Но я скажу лишь так:
Нужны мы вам,
Вы – властелин богатства,
А мы – его рабы.
Но мы хотим от государства
Поддержки, помощи и любви.
Знаю, конец не за горами,
Возложит он на вас венец,
И придет всему конец:
Гнету, смраду, голоду.
Восстанем ж наконец!
В наступившей тишине Фундук встал и так громко захлопал в ладоши, что позади него затрясся шкаф.
– Браво! Браво! Всеми руками-ногами «за», есть такая проблема-с.
– А в чем здесь смазливость? – сказал Йозеф. – Ну да, строчку про «поддержку, помощь и любовь» со стороны НРП я бы убрал, но в чем проблема-то? Как есть, голая правда жизни.
– Увы, нет, – сказал Иосиф и вздохнул. – Тут просто у нас одна есть дама, зовут ее Джута. Она вообще, похоже, не любит меня.
– Господи, да плюнь на эту сучку!
– Я бы плюнул, если бы она не была главным редактором клубной газеты «Известия». По сути… по иерархии она второй человек по старшинству после Ульриха, его правая рука, и достаточно много людей, кто к ее мнению прислушивается.
– И чего, у них своего мнения вообще нет?
– Даже если есть, многие из газеты боятся его высказывать, не хотят с ней связываться.
– Так и плюнь на это.
– Но я хочу попасть в редакцию. Мне интересно, хочется тоже быть как можно ближе к клубу.

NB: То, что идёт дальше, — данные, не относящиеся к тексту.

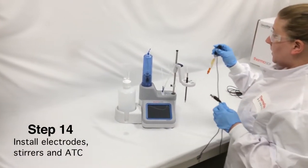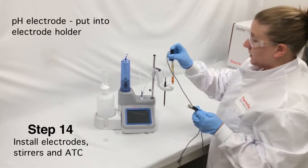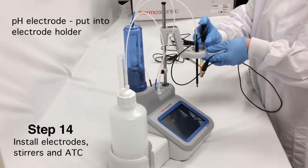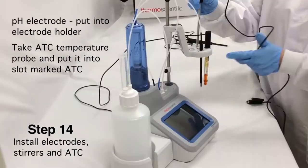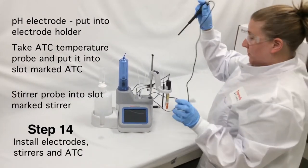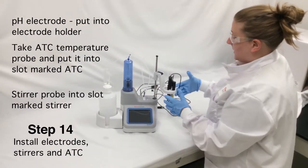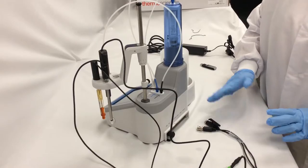Next, we're going to install all of our electrodes, stir, and BTC. The first thing I'm going to do is take my pH electrode and put it into the electrode holder. Then my BTC temperature probe — I'll put that in the slot marked BTC. I'm going to take my stir probe and put that in the slot marked stir. Now all my sensing electrodes, my stir, and my dispenser are ready to go into the step hole.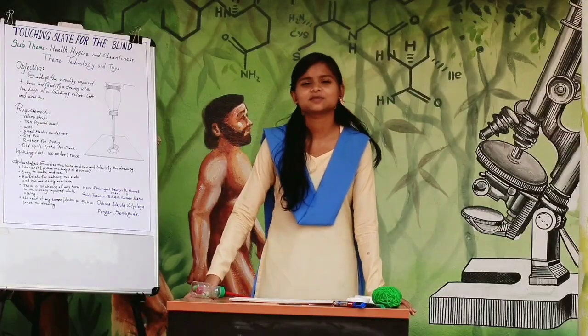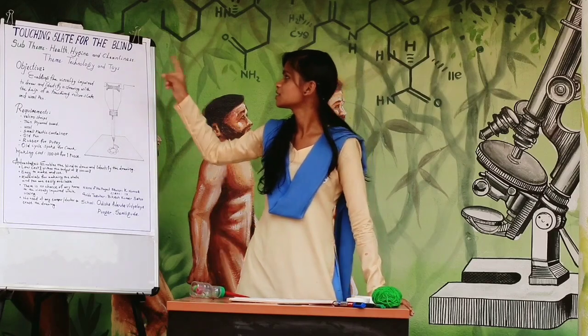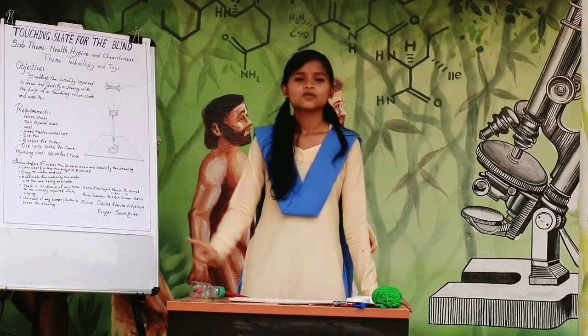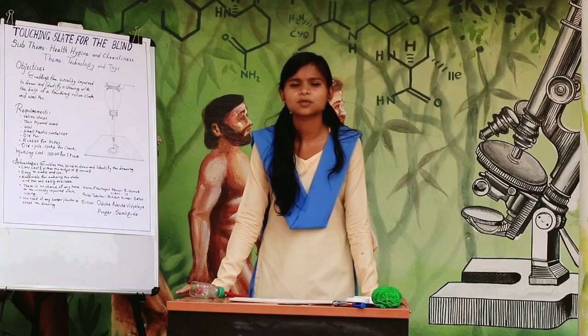Good morning everyone. My name is Keen Onisha from class 9th Odisha, with Dela Fongkar. The title of my project is Touching Slate for the Blind, under the subtheme Health, Hygiene and Cleanliness. Visually impaired students or persons are unable to recognize what they have drawn on a normal slate or paper.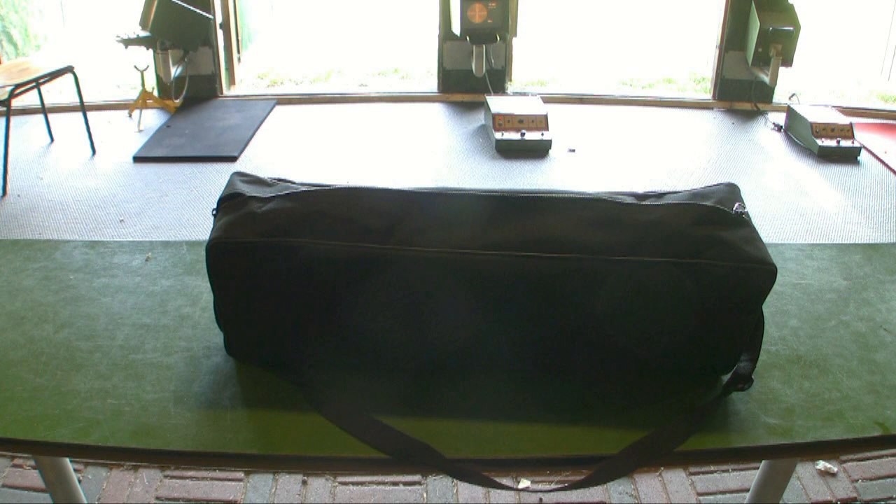Hey guys, you're watching WiderladerTV. Today I want to test the cheap spotting scope from Praktica with a magnification range from 25 to 75 by 90. For this spotting scope I had to pay around about 140 euros.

– А я считаю-с, – сказал Фундук, – это потому, что она опасается, – ИК! – как бы ты чего такого не написал-с. Сразу после выпуска в массы все закроют-с.
– Нет, клуб пишет исключительно для себя, и наши газеты, как правило, не покидают его стен. Я читал пару выпусков, которые Министерство пропаганды и цензуры просто не пропустило бы. А насчет Джуты – я и не думал, что она такая категоричная.
– Почему она на тебя так-с?
– Потому что я не просто так рассказывал ей стихотворение; оно должно было стать моей «визитной карточкой» в редакцию. А Джута просто разгромила меня!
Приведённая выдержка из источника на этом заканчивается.